Shortages Don't Compute

Robert Rapier of R2 and the Oil Drum, Alan Drake of the Oil Drum and I participated in a conference call on the "gasoline situation" - Blogger Conference Call with API's Rayola Dougher - offered by the American Petroleum Institute this past Thursday.

On the call was the the CEO of the API [for a while], their statistician, an economist and a mix of production and press people as well has half a dozen other bloggers with energy beats. It was wonderful the API put in so much effort.

[See transcript or listen to podcast.]

I'm no petroleum expert; my interest was systems resiliency - what was the API thinking about upcoming shortages? The gasoline system is critical - running straight out - what was API thinking about demand and elasticity? What happens when a branch in Ohio falls on a pipeline? What sort of policies would they like to see adopted generally and in times of shortage?

I emailed Robert after the call that I felt disappointed by the answers. Surely an economist and a statistician should be able to take some sort of SWAG at elasticity for gasoline. Surely the CEO would be concerned about the impact of shortages on legislative policy.
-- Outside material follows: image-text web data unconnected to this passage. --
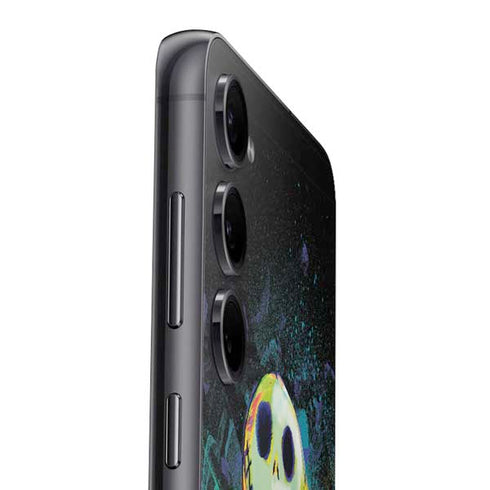 Disney The Nightmare Before Christmas Jack Skellington Art Galaxy A16 5G Skin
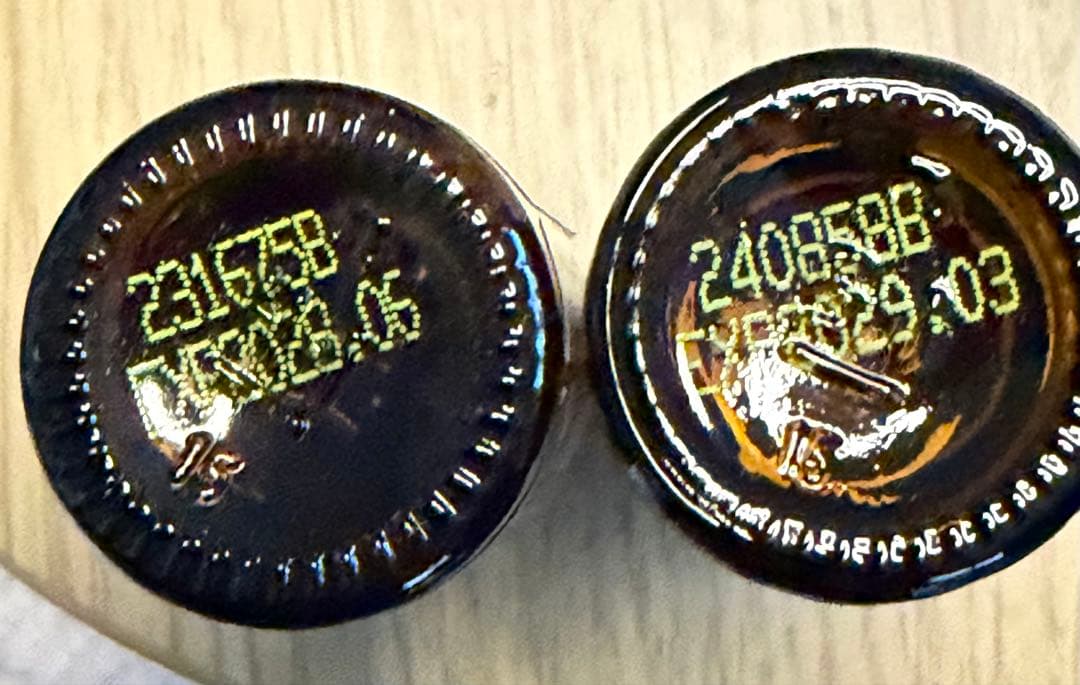 doTERRA Zengest & Spearmint 15mLセット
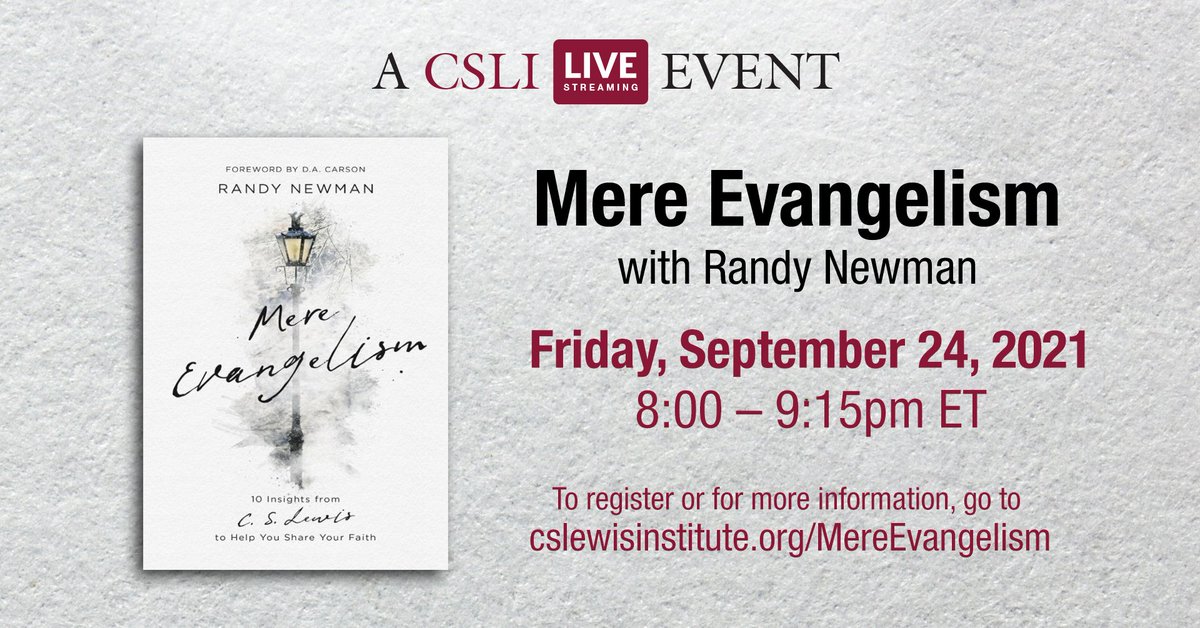 Randy Newman tweet media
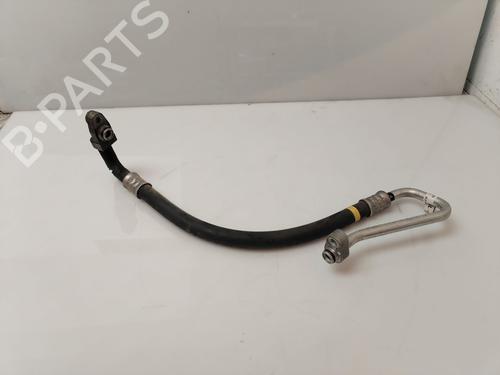 AC pipe TOYOTA AURIS (_E18_) 1.8 Hybrid (ZWE186_, ZWE186R) | BP30946693M126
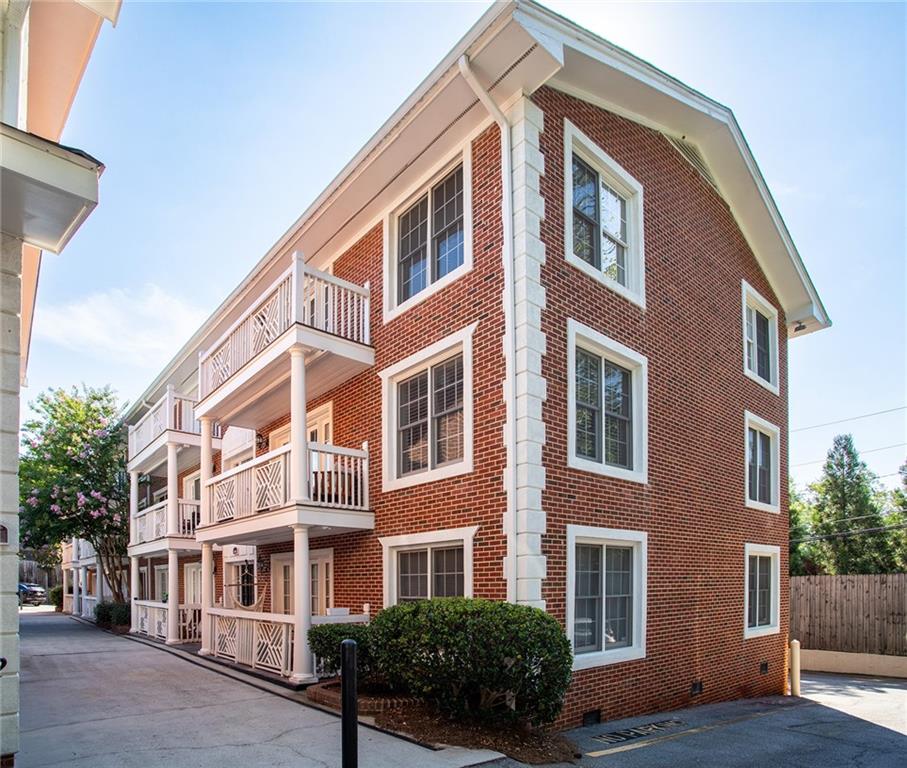 885 Briarcliff Road NE Unit 44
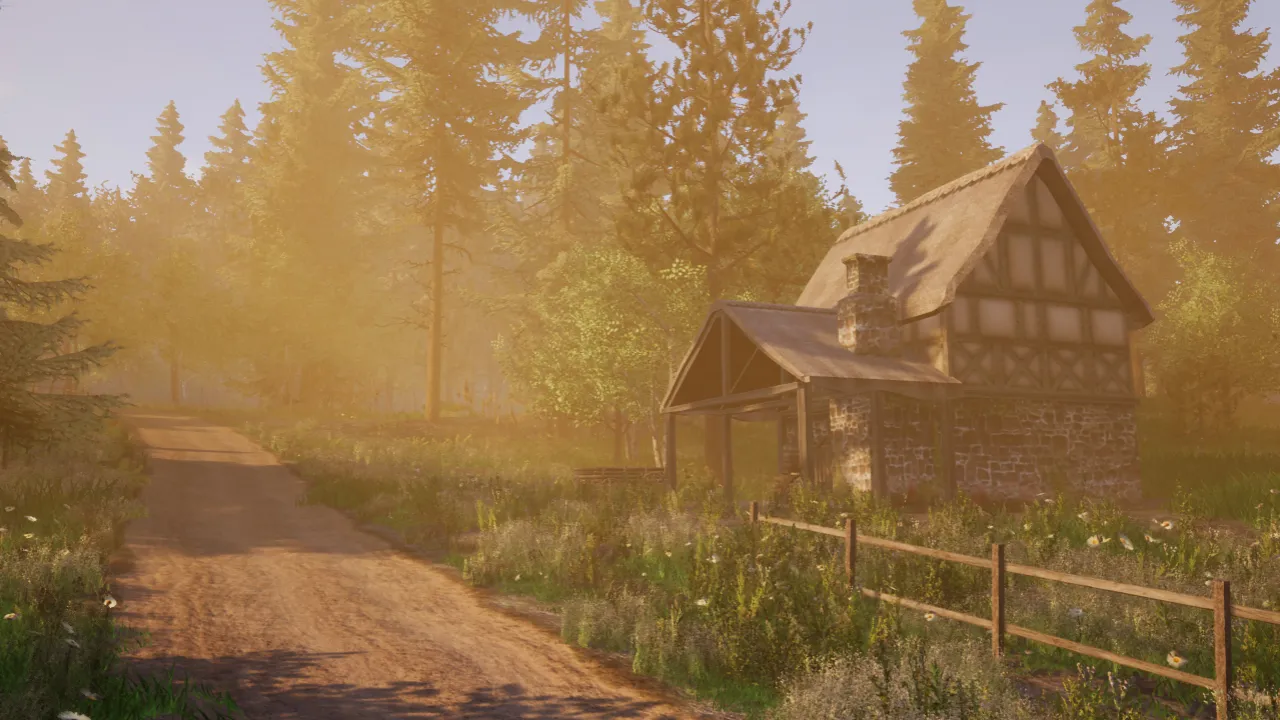 Blind Souls Screenshot 8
API would have a concise position on increasing gasoline taxes, wouldn't they?

Now that I've slept on it, my initial observation stands, that my questions about shortages - and what thought API has given to dealing with shortages - simply "did not compute". Nor did my questions about elasticity of gasoline demand or broader concepts of systems resilience compute. I don't think I was on their planet. I didn't even get a good answer on taxes. Sure, they might not be able to take a position and sure, this might have been a much more industrially inclined group, but hey, I'd have thought statisticians and economists would have been able to come up with at least a statement of what they had been thinking.

I've not had time to listen to podcast or read the transcript yet myself. [There will be an update.] I stated my questions pretty broadly at first and got increasingly specific but maybe I wasn't clear.

Then again, it might be that my questions were so far out of context that they were unintelligible. Sort of like talking to an economist about Peak Oil. Which is, after all, exactly what I was doing.

I don't think the API is paying attention to the things to which I'm paying attention - and it is, after all, their business. But to me, it seems unlikely they have not given any thought to the recommendations and policies they will want to see when shortages happen. They should. Just yesterday, two barges of gasoline had to be diverted [the reference on Oil Drum has no link].

That, we will hear, is a special case. Happens all the time. No problem; shortages will be short-lived We'll catch up next month. Industry is running at highest capacity ever. Adding the equivalent of a new refinery every year by expansion. Record production. Record demand. Record prices.

That's not resilient. How did Bakhtiari put it? The End of the Modelling Period; this is for real.

I hope I'm wrong; I hope we have plenty of energy forever. But then again, even that good outcome would be a disaster: how many cars can we fit on this planet? We're so far down the exponential growth curve than any outcome short of enumerating the 10 zillion names of God and our being immediately beamed up to nirvana is a disaster for the species and Gaia.